Heather Digby Parton: If you can’t beat ’em, malign ’em: Trump’s strategy has shifted to sabotaging Clinton’s eventual presidency

The latest beltway gossip (aside from Anthony Weiner’s latest sexcapade) is that Trump and his Trumpettes have shifted their focus from trying to win the presidency to making sure that a Hillary Clinton presidency is a total disaster. [..]

It’s already happening with the State Department emails which have been gathered by right-wing organizations for the express purpose of feeding the scandal machine. You can see the outlines of how the mutually reinforcing feedback loops works from Sunday’s “Face the Nation” in which Rep. Jason Chaffetz cites a discredited AP report about the Clinton Foundation as proof of corruption and promises thorough investigations in the next congress. Likewise, on “Meet the Press,” in which Clinton’s speech condemning Trump’s incestuous relationship with the alt-right was presented as equivalent to Trump’s incestuous relationship with the alt-right and characterized it as a “race to the bottom.”

There is a bigger concern, however, and one that gets more acute every time this happens. This cynical delegitimizing of the duly elected president ends up delegitimizing our democracy in general. And it’s getting downright dangerous. Trump’s “second amendment” remedy talk and the incessant demands to “lock her up” are taking this way beyond even the political trench warfare of the 1990s and the gridlock of the last eight years. These are barely disguised calls for violence. The political media should be very wary of being used as couriers for that message.

Amanda Marcotte: Porn addiction: The Christian right’s latest quack crusade is no excuse for trading in child pornography

It’s easy to see why Christian conservatives would be drawn to this idea of pornography as an addictive substance like cocaine or alcohol. While the Christian right has no real compunction about controlling female sexuality through punitive means — see attacks on legal abortion and affordable contraception — when it comes to controlling male sexuality, things get a little stickier. It’s hard to police male sexuality without threatening male privilege, after all.

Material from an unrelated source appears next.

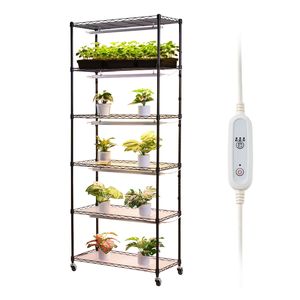 Soporte para Plantas de Interior de 6 Niveles con Lámpara de Cultivo de 3 Colores y 150W, 71 Pulgadas de Altura, Temporizador de 4/9/14 Horas y Ruedas para Fácil Movimiento - Product Image 1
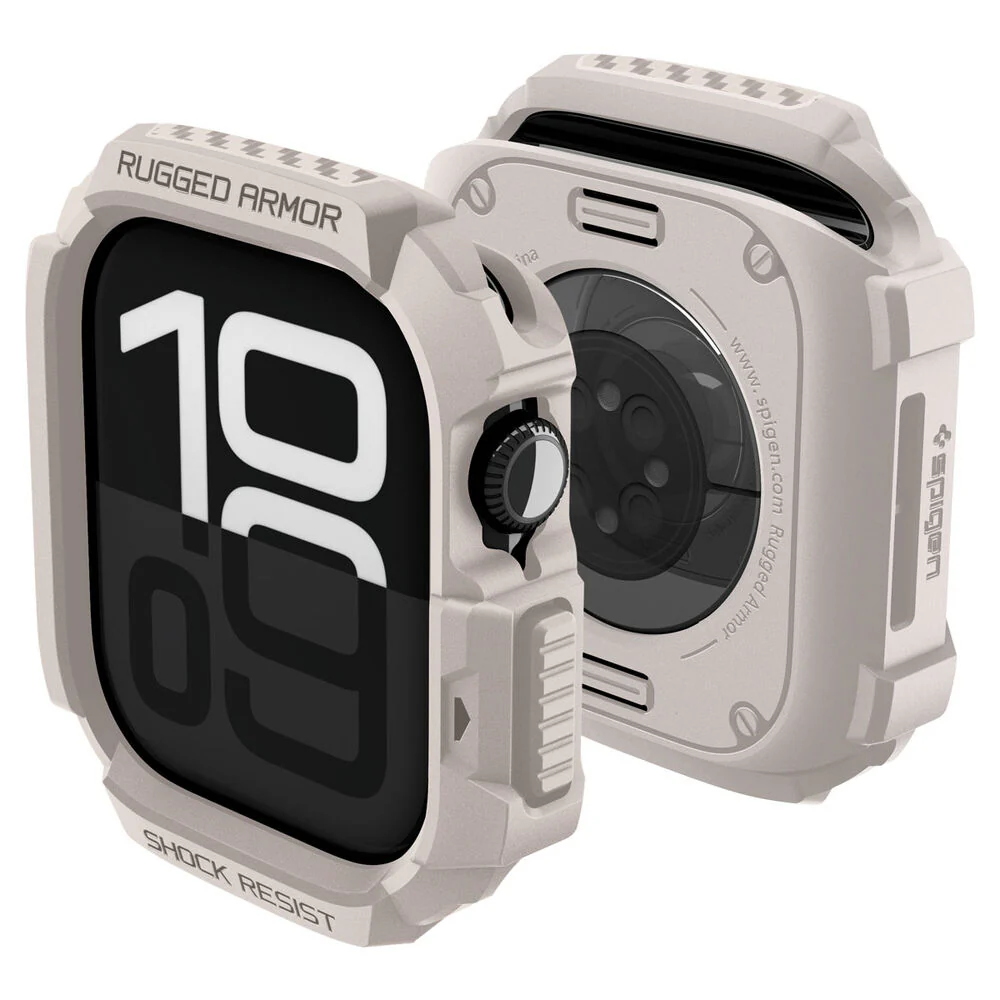 Spigen Apple Watch 46mm Rugged Armor 2 Case (Dune Beige) - Image 2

That’s where the notion of porn “addiction” becomes useful. By taking a medicalized approach, religious conservatives can discourage porn use while still letting men off the hook, painting them as not entirely responsible for their own sexual decisions. It preserves the notion of male virility as a force that can’t quite be contained, while still maintaining social disapproval of the behavior. No wonder up to half of conservative Christian men describe themselves as porn addicts, or that there’s a strong link between religiosity and believing that porn addiction is real.

In recent years, there’s been an effort in conservative circles to claim scientific evidence for the porn addiction theory. [..]

The problem, as the Hine case shows, is that once you start regarding normal sexual behavior as dysfunctional, that allows people who are engaged in genuinely deviant and harmful behavior (like child porn) to, perversely, recast themselves as normal. That person is just a porn addict, like so many others! Such a false or dubious diagnosis simultaneously stigmatizes non-harmful behavior like sexual fantasy and masturbation while minimizing genuinely harmful behavior.